Discussions of space rock—an alternately abstract, driving, or phase-heavy species of guitar and/or synthesizer-based music that counts the likes of Yume Bitsu, Landing, and Spiritualized—are notably specious in terms of the genre’s specific temporality. Fair enough: space rock is mostly intended to blast listeners-qua-cosmonauts somewhere beyond the laws of gravity and physics and rhythm logic. Modernity or the lack thereof is beside the point, and the point isn’t very complicated. Either you write 15-minute songs that rock like Our Universe minus the geek explication, or you cannot. Give us The Hitchhiker’s Guide to the Galaxy or a Big Bang or lock the basement door on your way out and pay the pizza guy for us.
Brooklyn’s Oneida have cut a lot of records, many of which are ideal for chin stroking and being introduced to a lot of academic and unorthodox musical ideas that are undervalued in the larger culture. A List of the Burning Mountains (Jagjaguwar) is the quintet’s space rock opus, but it’s hardly the traditional space rock opus. You’re not meant to hit a bong and go hurtling around Jupiter’s third moon at three times the speed of sound while this thing emanates from your high-fi. No, Mountains is a Biblical space rock album, a space rock album not about bitchin’ comets and tubular black holes and skimming asteroid belts while surfing atop the USS Enterprise, but about the very act of fabricating the universe from whole cloth.
The grunt work, you know? The cosmic nuts and bolts, as it were, the precursor to the Big Bang. Figuring out how to build planets and then ensure their continuing rotations around the Sun. What were the exact atmospheric ingredients and conditions conducive to fostering intelligent life? How far apart should one planet be from another so as to challenge intelligent life, to not make interstellar travel too easily achieved? What should the lifetime of a star be? We like to think of God as an all-knowing God, but let’s be real: there was probably a bit of trial and error en route to reality as we’ve come to know it—no YouTube instructional video!—and Mountains echoes with the uncertainty and inelegance of awesome forces colliding and colluding, of dry runs and spectacular fuck-ups and breaks to gawp at the massive scale of the undertaking at hand and constellations already hung and illuminated.
Oneida’s approach here is to carpenter a downright MC Escher/un-climbable Stairway to Never fill of tight, grisly drum-kit runs that suggest the perpetual banging of one divine hammer or a tripping pilgrim’s multiple efforts to kill a fly that’s already dead; 4-D effects-pedal splooge that’s the Guitar Hero equivalent of Galactus excreting fluorescent mineral fluorite stones the size and diameter of Pluto; plus oodles of irradiated, irritable synthesizer drift and solar-flare fizz.

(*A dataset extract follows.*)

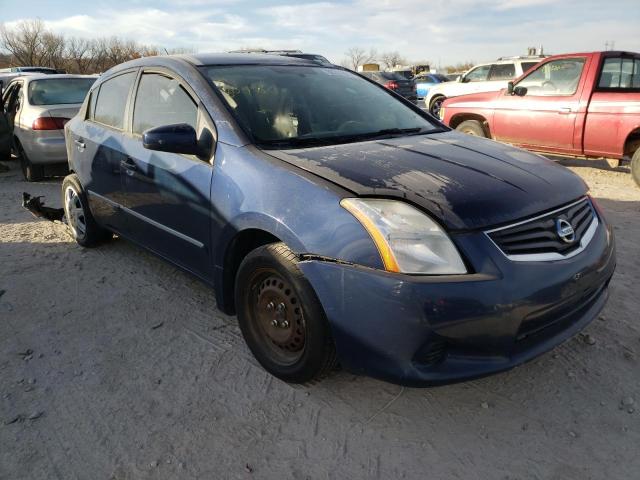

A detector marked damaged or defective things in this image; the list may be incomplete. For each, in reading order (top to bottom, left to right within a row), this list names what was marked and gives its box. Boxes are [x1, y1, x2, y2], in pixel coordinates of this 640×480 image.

damaged car [61, 54, 616, 386]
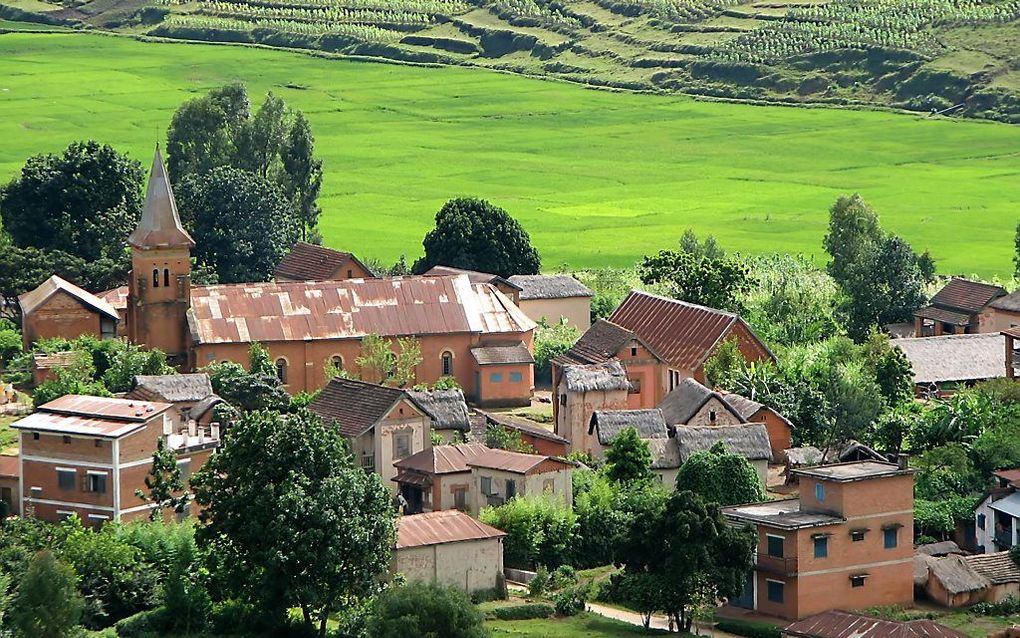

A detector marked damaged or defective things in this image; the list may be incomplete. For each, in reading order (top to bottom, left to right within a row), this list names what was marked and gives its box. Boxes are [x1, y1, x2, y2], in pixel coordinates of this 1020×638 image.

Perspectives shift: sometimes, on Mountains, you are watching The Almighty solder together two halves of a heavenly body, but then sometimes you are situated at the core of that very body, and God is tunneling in, but you don’t really feel one way or the other about that. Themes are adhered to very, very loosely, and there’s the sense of winding as semi-aimlessly through the record is the band is—but nonetheless everyone is on a journey where you’re forced to earn your way. The thinking, bear with me here, is that there’s nothing smooth or effortless or utopian about space, ala 2001 or Star Trek: space is dirty, dangerous, unknowable, and prohibitively expensive, and it was no less disagreeable when it was being willed into existence. Oneida have accomplished something remarkable: they’ve forced space rock to be honest.
—Raymond Cummings is the author of Class Notes, Crucial Sprawl, and a number of other books.